Knives Out twists, turns and is full of secrets and lies as Getintothis’ Vikki Gregorich discovers.
Rian Johnson, the writer and director of Knives Out, is perhaps better known for his work on Star Wars: The Last Jedi.
Knives Out could not be more different than The Last Jedi, but when you consider his previous three films, Brick (2005), The Brother Bloom (2008) and Looper (2012), it’s evident that he’s someone who is unpredictable.
The whodunit focuses on the mysterious death of wealthy crime author and patriarch of the Thrombey family, Harlan (Christopher Plummer), on his 85th birthday.
The big sell is the starry ensemble cast playing the Thrombeys, all of whom have a motive to murder Harlan.
These include Jamie Lee Curtis, Chris Evans and Toni Collette, all stretching their comedy chops.
Playing against type are Don Johnson & Michael Shannon, and younger stars like Katherine Langford and Jaeden Martell hold their own against the bigger names.
These roles, however, feel like cameos.
The main story arc hinges on the relationship between Benoit and the home help Marta Cabrera (Ana de Armas).
This is because she has an unusual personal problem, she vomits when she lies, and Benoit uses this to detect the lies of the family.

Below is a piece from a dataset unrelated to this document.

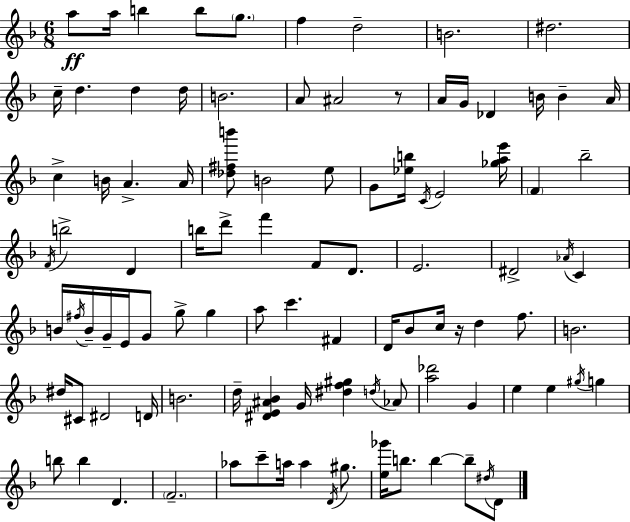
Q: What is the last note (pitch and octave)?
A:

The rest of the film is twists and turns, secrets and lies, action and intrigue, and it’s funny; the cinema audience laughed out loud a lot, giving the performance a jolly tonal boost.
Knives Out feels like a palate cleanser for Rian Johnson, albeit with a clear love for the genre.
It’s slick, it’s funny, but the story isn’t quite clever enough to make it a classic.